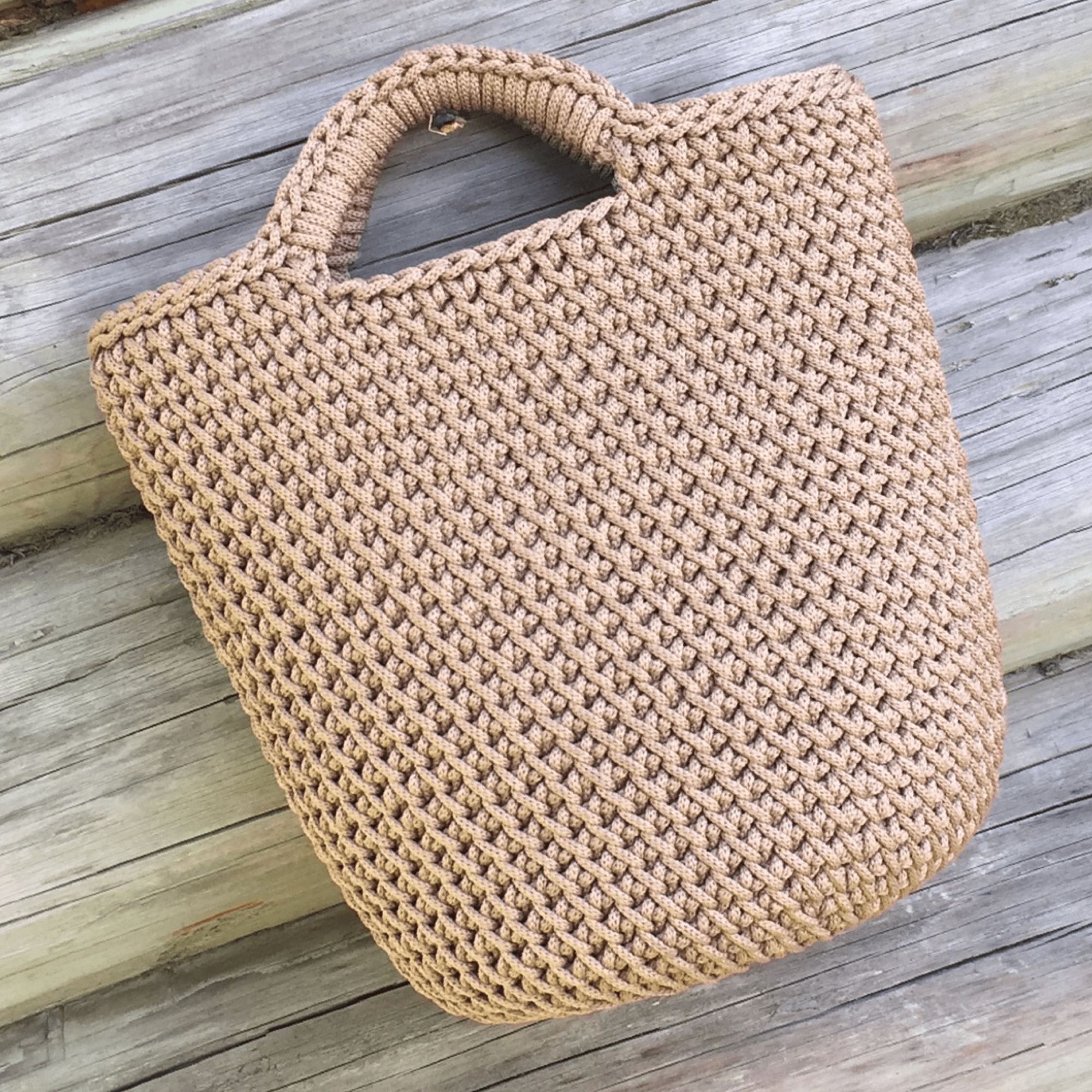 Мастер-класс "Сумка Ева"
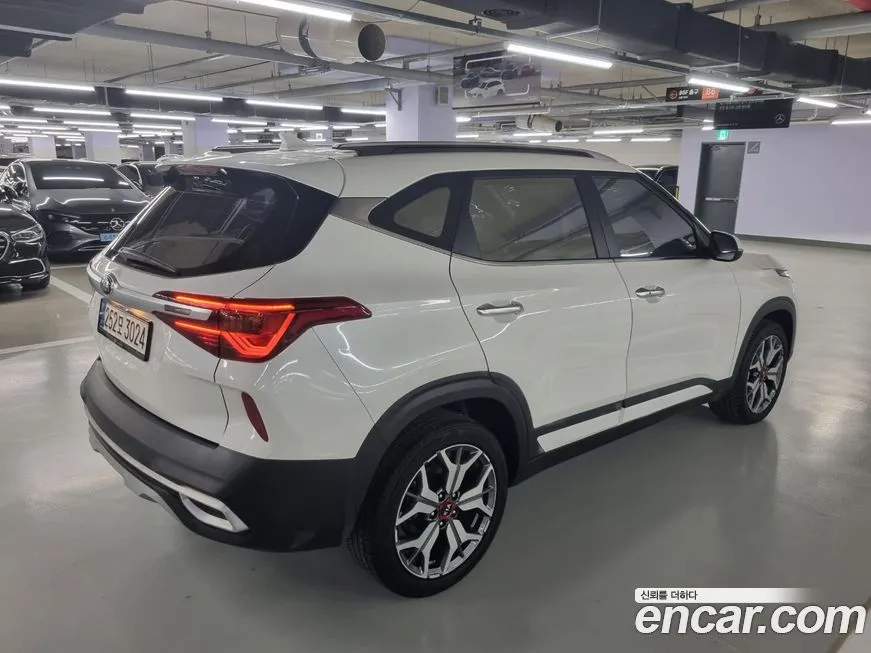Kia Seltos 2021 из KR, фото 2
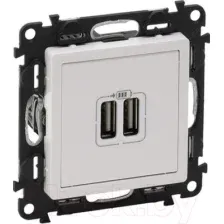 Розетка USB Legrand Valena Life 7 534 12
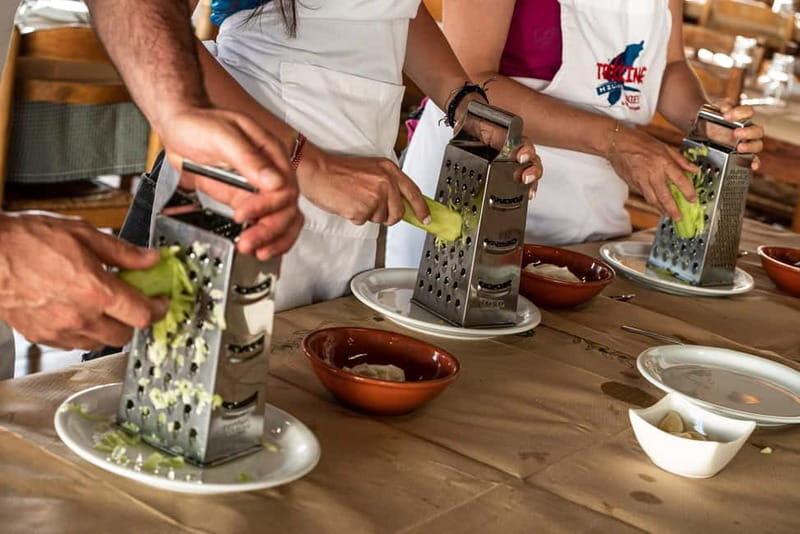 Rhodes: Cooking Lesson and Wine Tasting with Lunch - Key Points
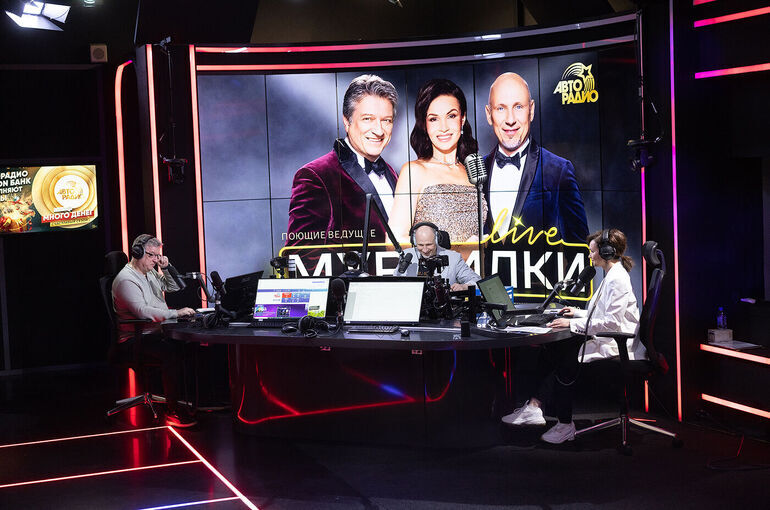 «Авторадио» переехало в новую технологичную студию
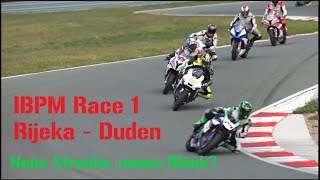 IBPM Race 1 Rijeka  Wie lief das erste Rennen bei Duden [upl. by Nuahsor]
---
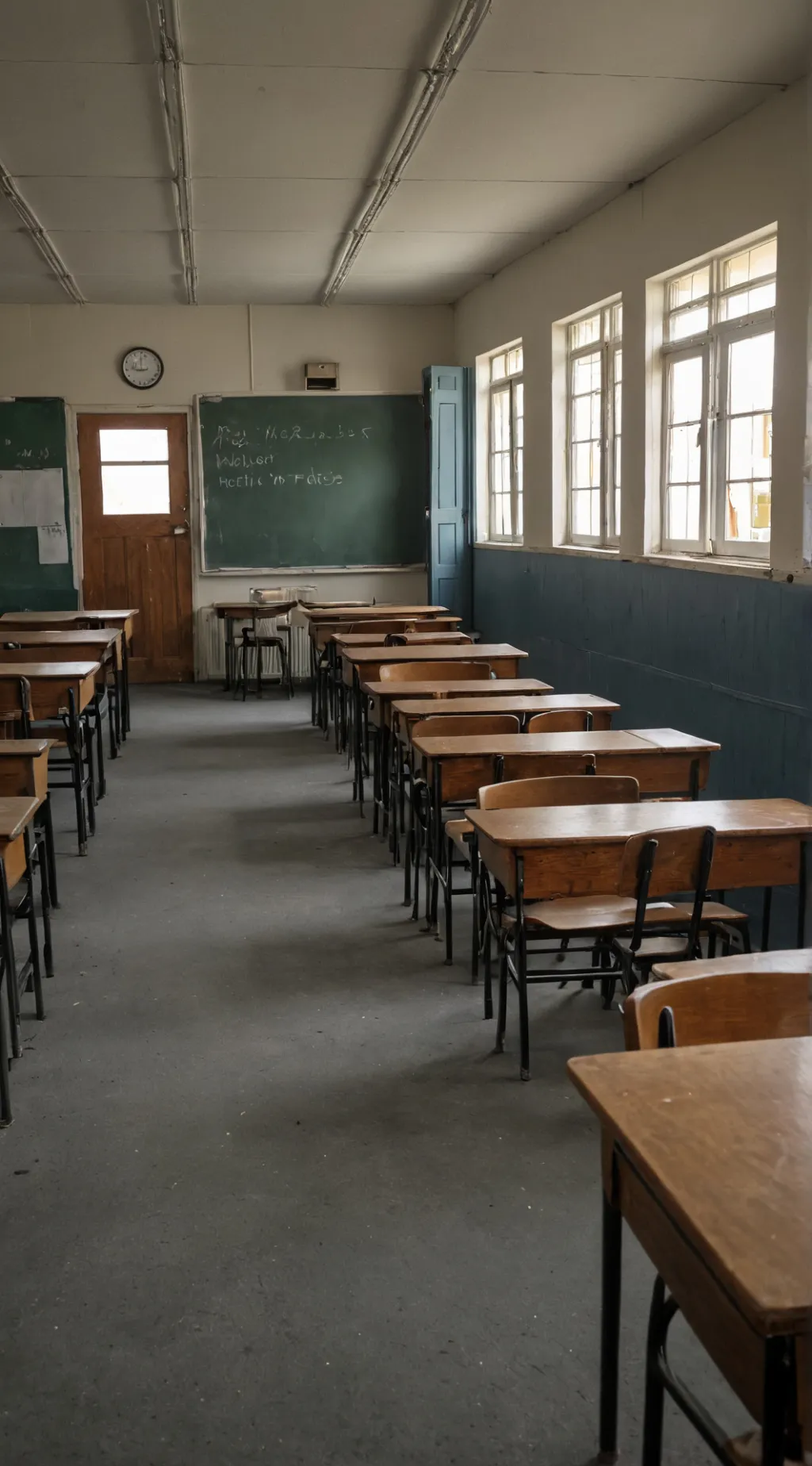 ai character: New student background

◆ Exercise details ◆
Here the job is to copy the listing above word for word, starting at the line with "Rhodes: Cooking Lesson" and ending at the line with "IBPM Race 1", and to leave out the pictures.

◆ Reply ◆
 Rhodes: Cooking Lesson and Wine Tasting with Lunch - Key Points
 «Авторадио» переехало в новую технологичную студию
 IBPM Race 1 Rijeka  Wie lief das erste Rennen bei Duden [upl. by Nuahsor]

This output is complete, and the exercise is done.